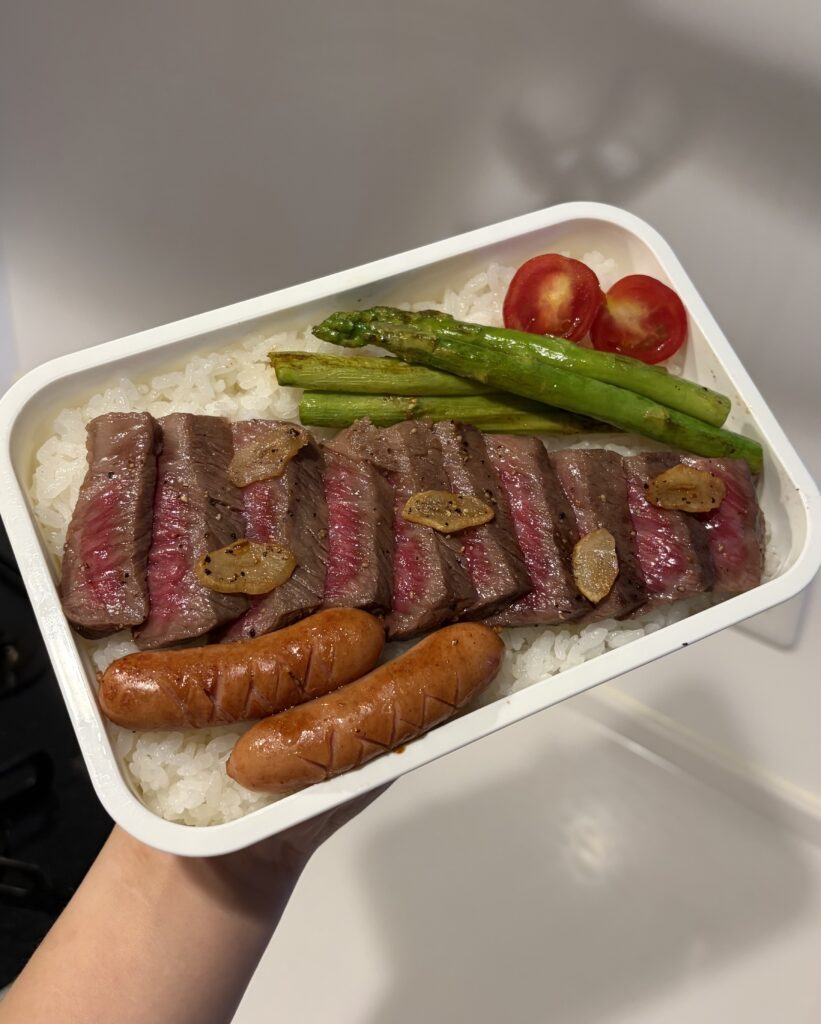 これまでのお弁当④（＠17_bentoさんより提供）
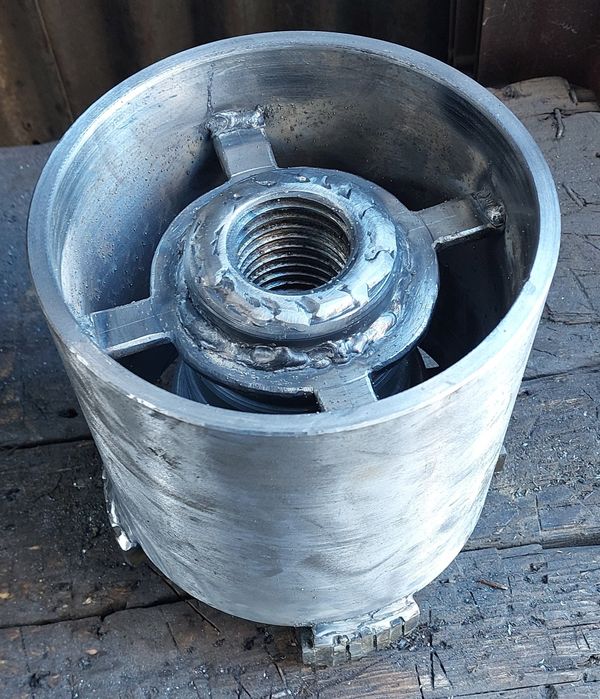 Vând utilaj de forat fîntîni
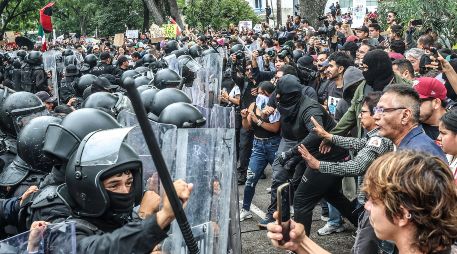 La CIDHPDA pide investigar abusos policiales durante protesta por el agua en Guadalajara. EL INFORMADOR/A. Navarro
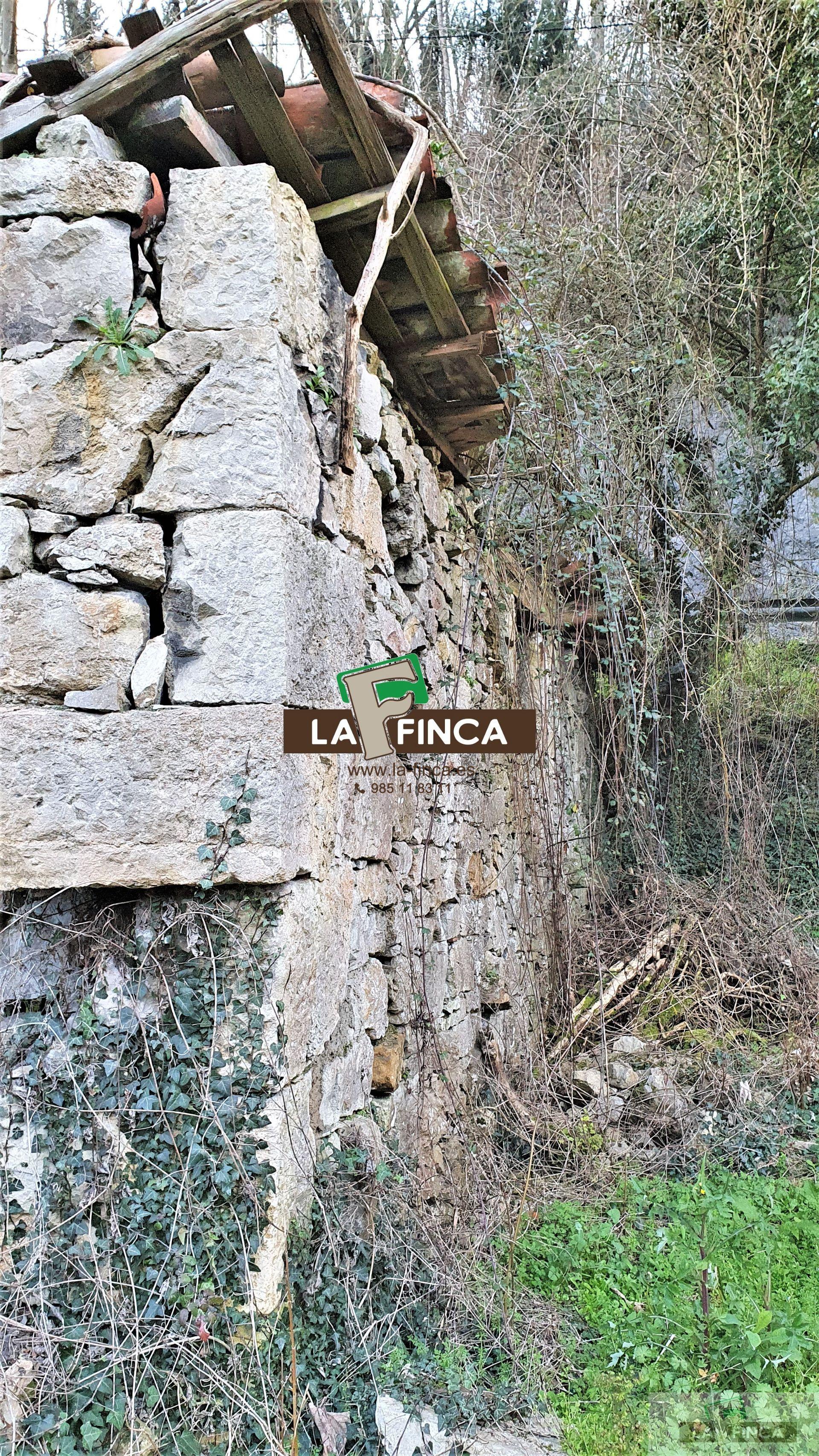 For sale of house in Oviedo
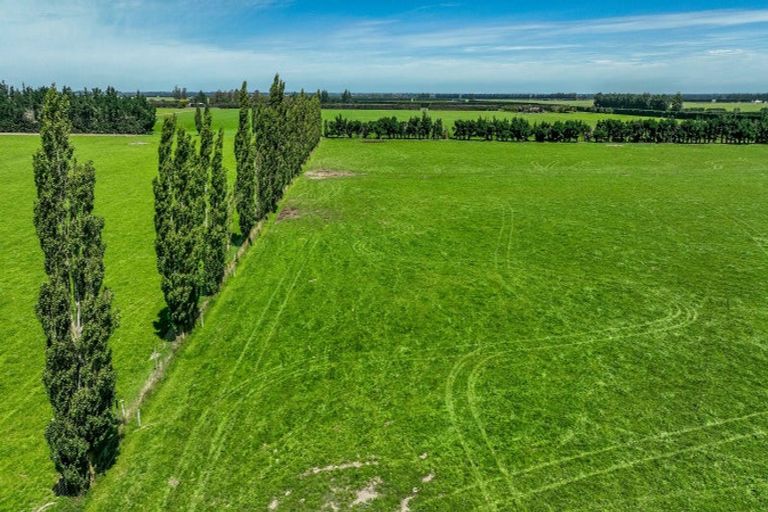 Photo of property in 300 Courtenay Road, Charing Cross, Christchurch, 7671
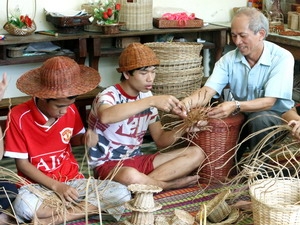 Quỹ Bảo trợ nạn nhân da cam thành phố Đà Nẵng dạy nghề cho thanh, thiếu niên là nạn nhân chất độc da cam/dioxin.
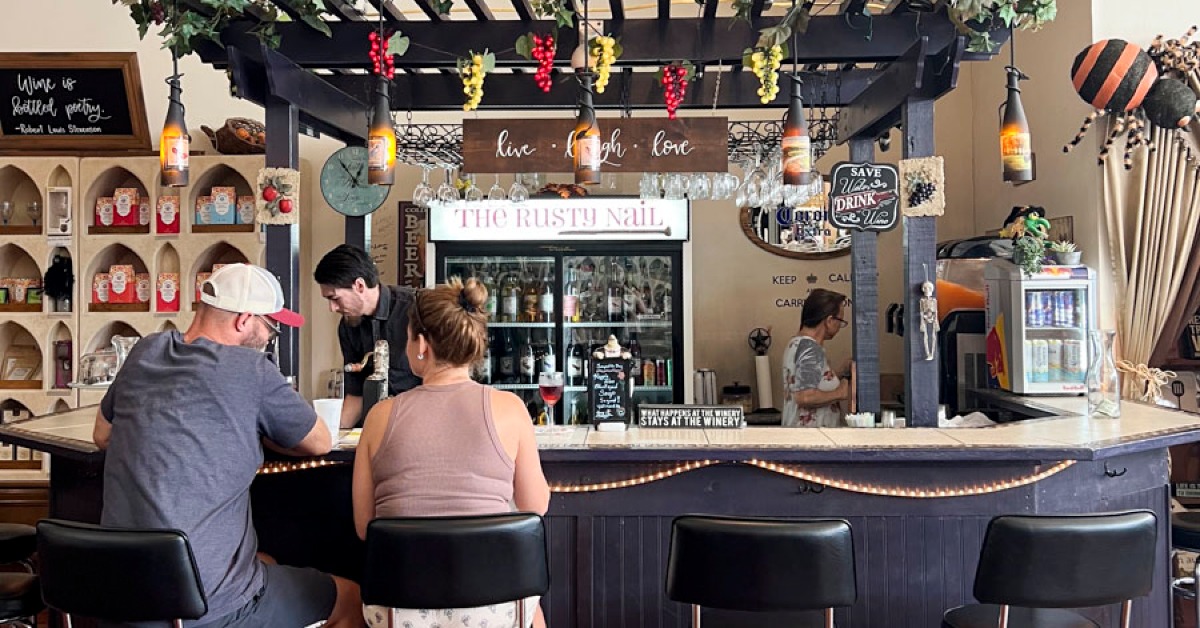 Rusty Nail Winery tweet media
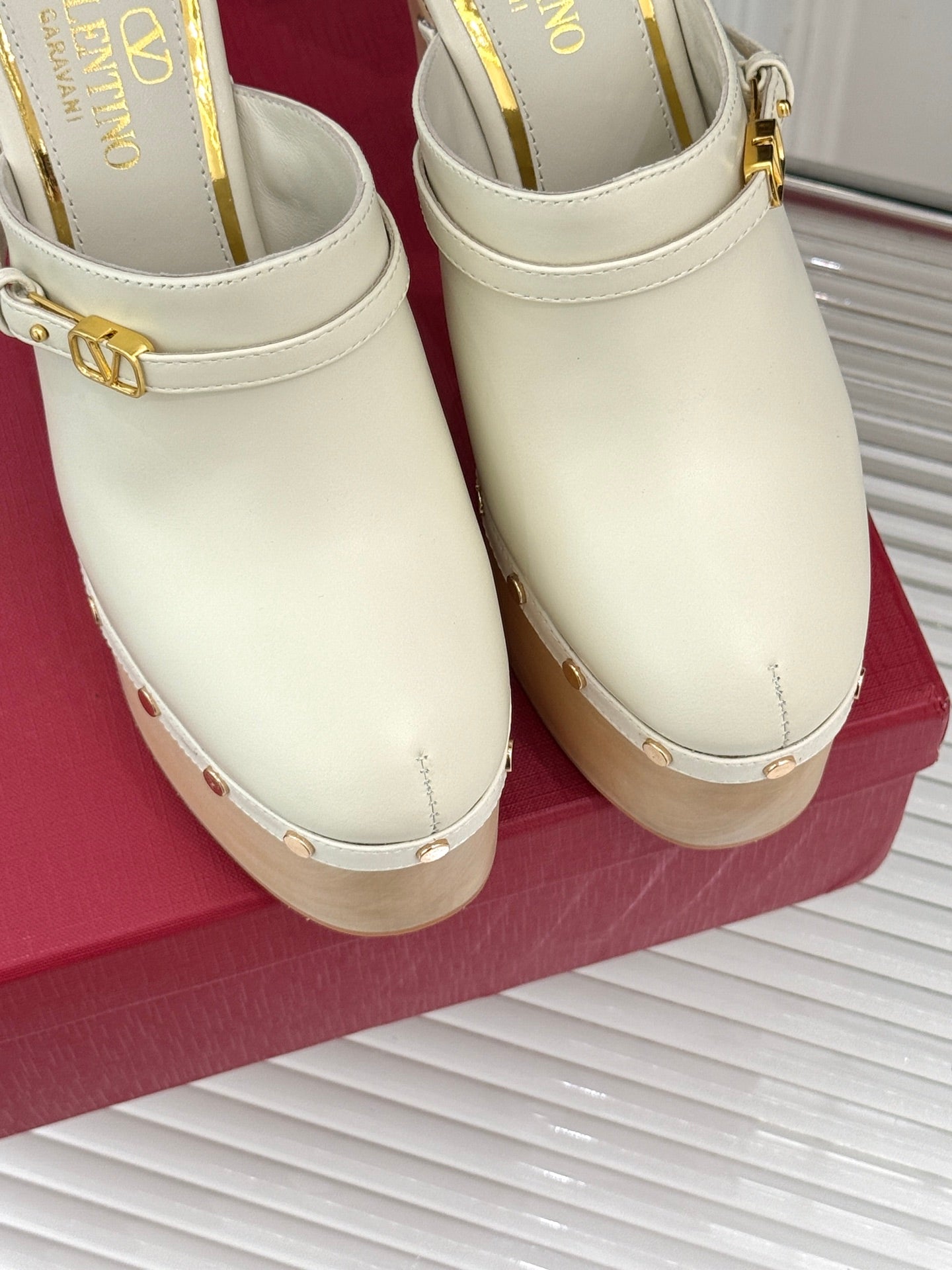 LuxluxHouse Best Quality Valentino Women Shoes
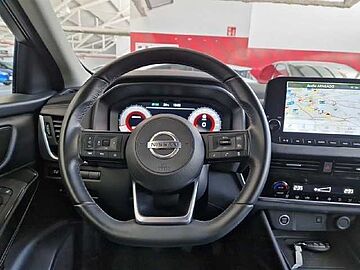 Nissan Qashqai Nuevo Qashqai 5p DIG-T E6D 103 KW (140 CV) mHEV 12V 6M/T 4x2 N-Connecta Magnetic Blue + Midnight Black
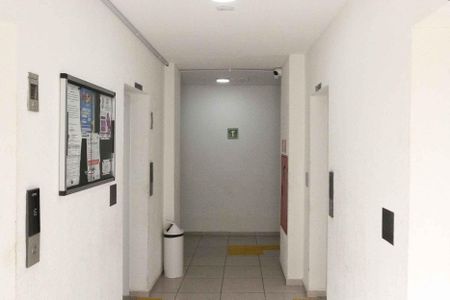 HAll de apartamento para alugar com 2 quartos, 36m² em Vila Antonieta, São Paulo
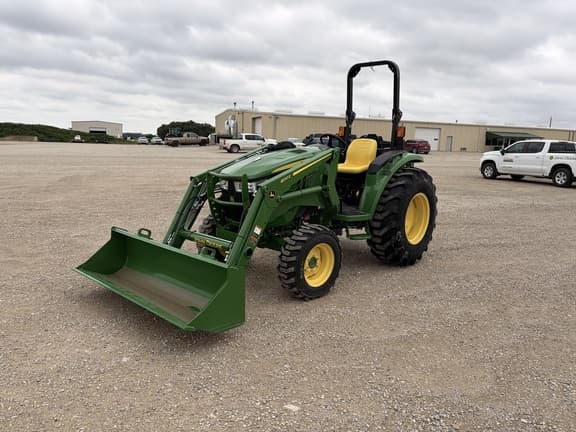Image of John Deere 4066M Primary image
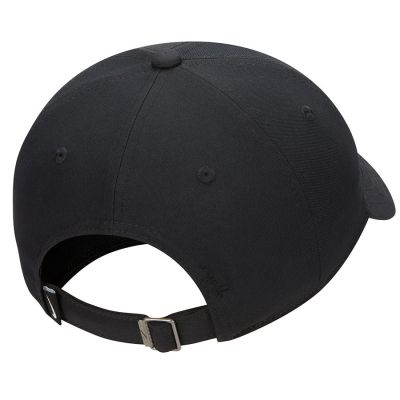 4. Nike Club FB5369-010 Kappe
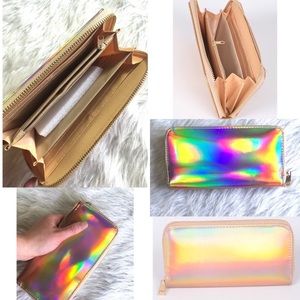 Host Pick New Holographic Accordion Style Wallet with a zipper closure NWT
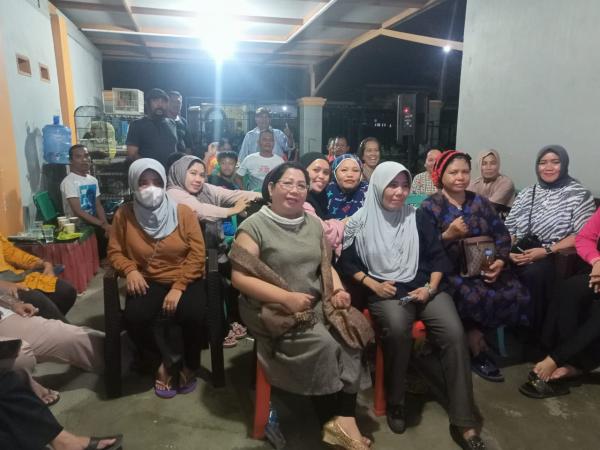 Masuk 5 Besar KDI 2022, Keluarga Besar Nilam Sari dan Warga Nonton Bareng di Kediaman Fajar Bora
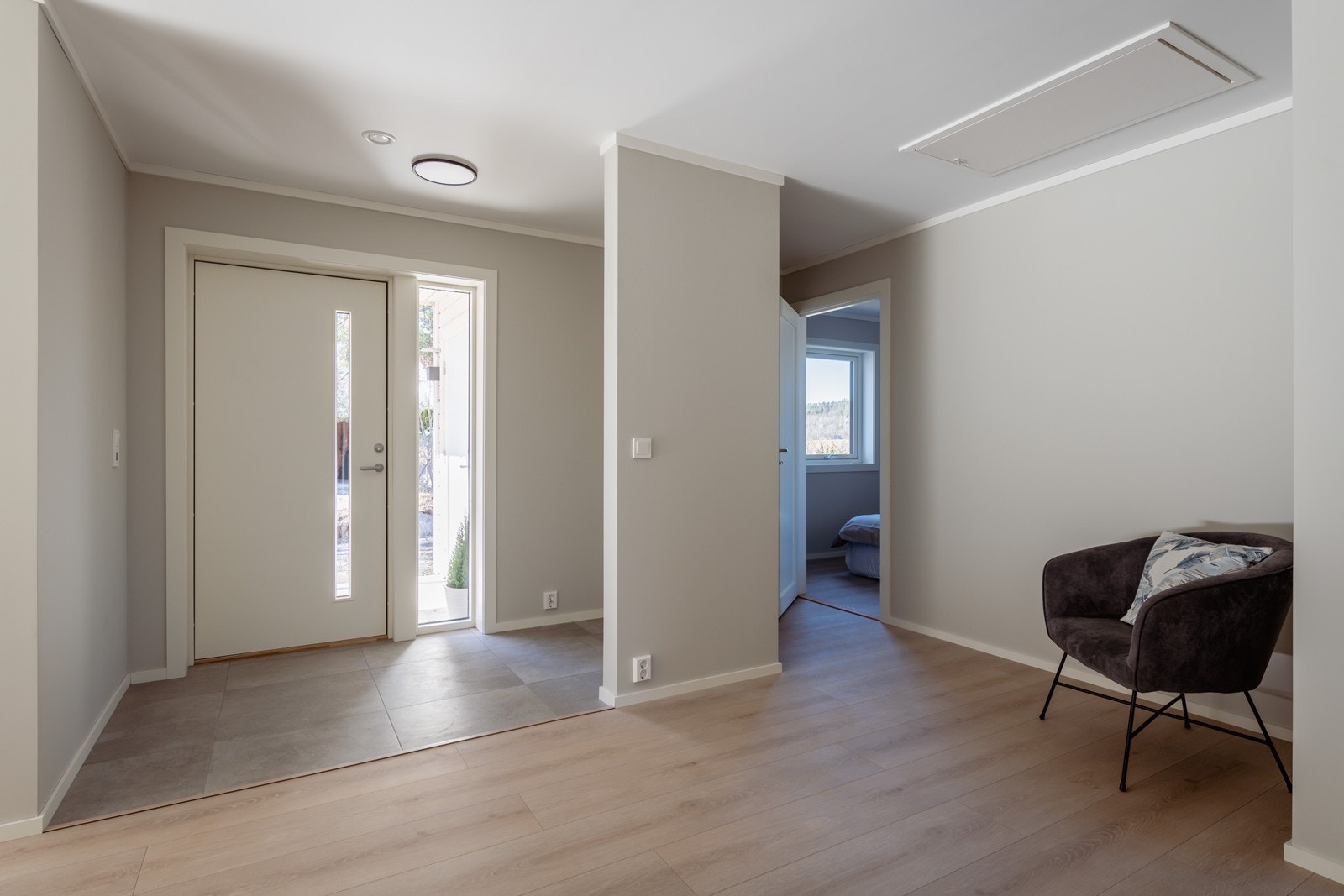 Velkommen inn i en hyggelig og flislagt entre Galleribilde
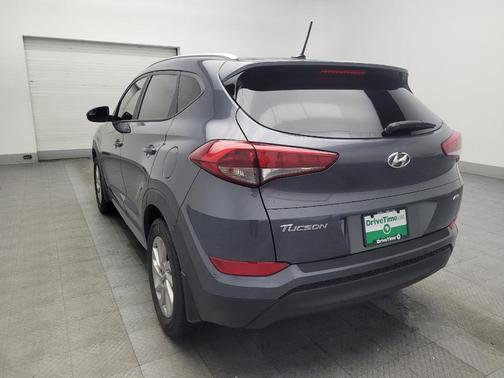 Coliseum Gray 2017 Hyundai TUCSON SE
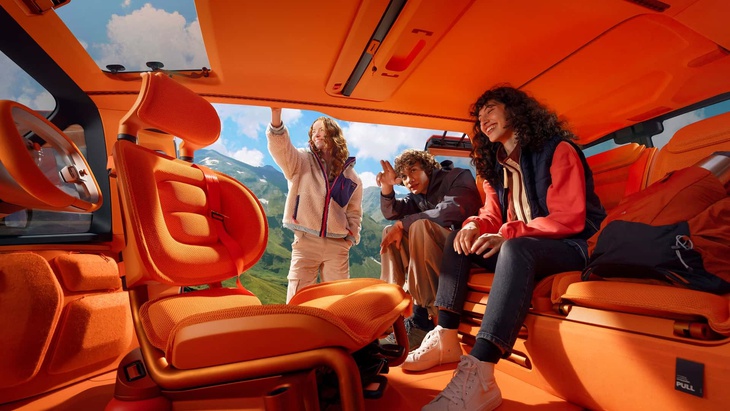 Xe điện nhỏ hơn Toyota Vios mà trang bị như nhà di động, có tới 6 ghế dễ tháo ra làm ghế ngoài trời 24 1765603710 344 Xe dien nho hon Toyota Vios ma trang bi nhu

##############################

What is required
Pictures do not belong in the answer. Return the lines above starting at the one with "Rusty Nail Winery tweet media" and ending at the one with "Host Pick New", both kept, exactly.

Response to this task
 Rusty Nail Winery tweet media
 LuxluxHouse Best Quality Valentino Women Shoes
 Nissan Qashqai Nuevo Qashqai 5p DIG-T E6D 103 KW (140 CV) mHEV 12V 6M/T 4x2 N-Connecta Magnetic Blue + Midnight Black
 HAll de apartamento para alugar com 2 quartos, 36m² em Vila Antonieta, São Paulo
Image of John Deere 4066M Primary image
 4. Nike Club FB5369-010 Kappe
 Host Pick New Holographic Accordion Style Wallet with a zipper closure NWT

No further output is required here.